Minha cidade, uma antiga cidade, vive empoleirada nas montanhas de Minas, deitada, espreguiçando sobre as pedras cuja altura nos permite ver ao longe. Vista de cima, mais parece uma colcha de casas, estendida em desalinho. Em volta, montanhas verdes, montanhas de pedra, montanhas rasgadas em suas entranhas, com o minério de ferro jorrando a não estancar.

Nova Lima e suas ruas calçadas, ruas desengonçadas, ruas apertadas. Ruas alucinadas até, num trejeito pouco comum, a serpentear permeando as casas debruçadas às suas margens.

Casas geminadas, os “bonserás”, cujo nome nunca consegui entender. Uma parede a dividir sonhos e ambições, a esconder sussurros e gritos de amor. Via de regra, casas caiadas com bainhas em azul ou verde.

Um cenário lúdico a envolver minha infância de tal maneira que na minha velhice ainda não sai da minha mente e do meu coração.

Falava das ruas da minha cidade e suas pedras polidas a fazer do passeio de bicicleta uma aventura completa.

Mas uma delas, partindo quase que da praça central, tem um viés especial. É a rua do descanso, embora inclinada a quase setenta graus, a desembocar perto da Rua Nova. Falo dele mesmo, do zigue-zague.

Uma rua, que de tão íngreme é desenhada em várias ruas, com pequenas inclinações, como a desenhar uma letra “z” acima da outra. Com isso, aquele que por lá passa jamais será incomodado por veículos, pode caminhar com tranquilidade, gastando o tempo que pretender. O esforço fica minimizado pela redução das inclinações. Cada esquina da rua em si começa de um lado do passeio para terminar na outra extremidade.

Quem por ali passa cumprimenta cada uma das casas e seus moradores. Sai da frente da casa de D. Mariquinha para logo chegar, dois metros acima, na janela da casa da Professora Marisa. A rua parece desenhada com tal finalidade também: aproximar as pessoas. Não se sai incólume de rápida visita ao caminhar pelo zigue-zague.

O mais divertido é imaginar que nós, meninos, subíamos e descíamos só para de novo subir e com olhares pequenos divisar o mundo lá em cima, ora visto da esquerda pra direita, ora da direita pra esquerda.

Não conheço outras cidades, pelo menos agora não estou me lembrando, que tenham zigue-zagues tão charmosos a convidar o transeunte a ir do céu à terra esquecendo por completo a árdua jornada.
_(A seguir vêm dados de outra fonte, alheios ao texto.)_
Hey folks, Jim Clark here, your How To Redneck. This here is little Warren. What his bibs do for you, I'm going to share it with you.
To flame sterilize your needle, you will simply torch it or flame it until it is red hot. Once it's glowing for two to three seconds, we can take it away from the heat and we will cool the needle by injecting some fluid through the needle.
Indo por ali as sacolas são mais leves, uma enorme subida é formada por pequenas subidinhas, divididas entre uma vizinha e outra. Quem fez o zigue-zague, com certeza, pensou em amenizar a jornada e, ao seu final, permitir à senhora olhar pra baixo e ver quão bonita é a cidade.

Quem teve a magistral ideia, ainda que assim não pensasse – o que eu duvido, fez um caminho a dar no céu. E é verdade. Na parte de baixo, queixos erguidos e cabeças empinadas, vemos no final da rua o céu. É como o encontro do mar com as nuvens. Chega um momento que a nossa visão multiplica a perspectiva e só exaure a imagem no encontro entre o fim e o começo.
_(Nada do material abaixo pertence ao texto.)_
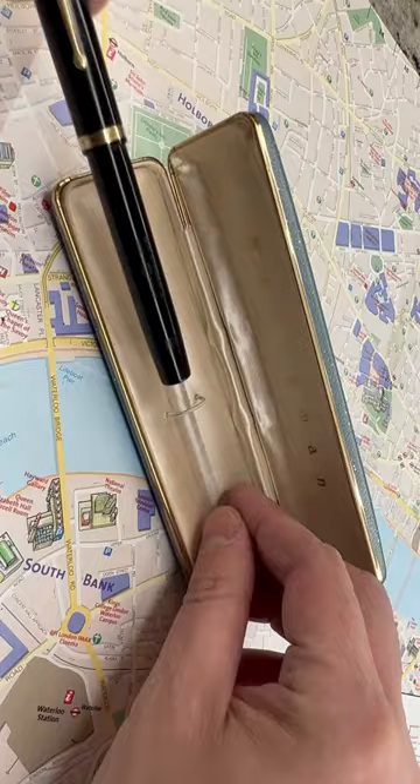Can you still use a 100-year-old fountain pen? You bet you can. This is the Waterman 5 from the 1920s in its original case. It's made from celluloid.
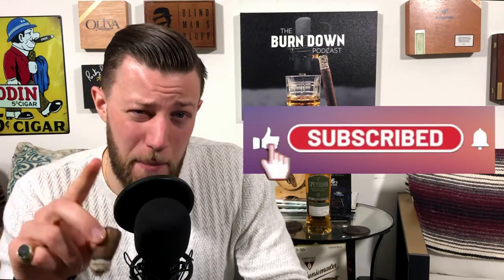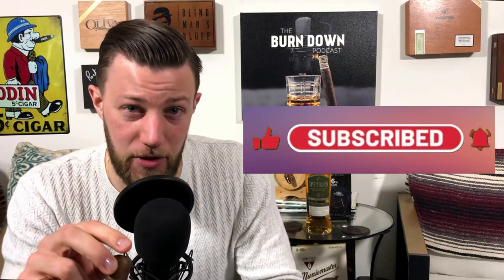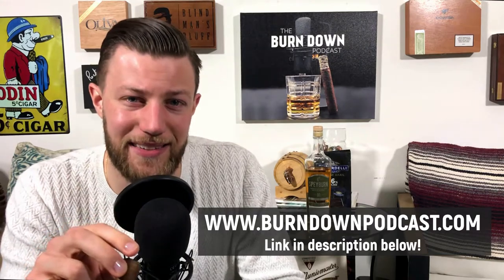That's the Nub Cameroon by Oliva. Thank you for watching this quick cigar review. If you'd like to check out our podcast, it's the Burn Down Podcast — we drop a new episode every single Friday. If you liked this video, please hit the thumbs up, hit the subscribe button, and hit that bell so you're notified any time we drop a new review or episode. You can also check us out at www.burndownpodcast.com.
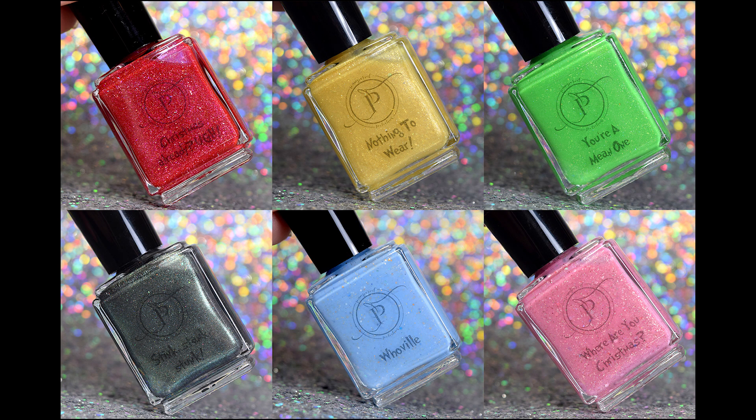Hey guys, so today I have swatches for you from the All Grinch Step collection from my brand Pimper Polishes. I have no idea where my intro went, so you just have this beautiful picture of the six bottle shots that I took. These are available right now, so in the description box below I will link the site where you can pick them up, my Instagram page, and my swatching Instagram page where you can see more swatches of everything from this collection. There are six polishes to look at today, so let's go ahead and get started.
O zigue-zague tem essa característica – ele nunca acaba, como num brinquedo de madeira em que a bolinha corre de um lado para o outro, ainda que mansamente, até atingir a parte de baixo do tabuleiro. Basta a gente virar esse mesmo tabuleiro de ponta e cabeça e o jogo recomeça, o que era o final, num passe de mágica, vira o começo.

Na noite vira uma passarela, e a gente tem a noção de que podemos ficar no começo com as peneiras em punho, a colher as estrelas que irão descer, bem devagarinho, caminhando da esquerda para a direita e da direita para a esquerda.
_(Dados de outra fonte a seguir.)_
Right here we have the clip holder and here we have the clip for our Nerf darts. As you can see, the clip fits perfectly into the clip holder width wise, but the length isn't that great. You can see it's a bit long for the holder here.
A vida é mesmo assim, tudo acontece em zigue-zague, são os problemas que acabavam, são os filhos que começam, são os amores que se perdem, e ficamos nós, simplesmente, a colher as estrelas da nossa saudade, faceiras que são a iluminar a nossa esperança.

Minha cidade tem esse tapete esticado em zigue-zague, como a facilitar nossos caminhos e embrulhar nossos medos em papel crepom, bem colorido, que de tão brilhantes, se esquecem ao que vieram. Talvez tontos de tanto andar de um lado para o outro. Melhor assim!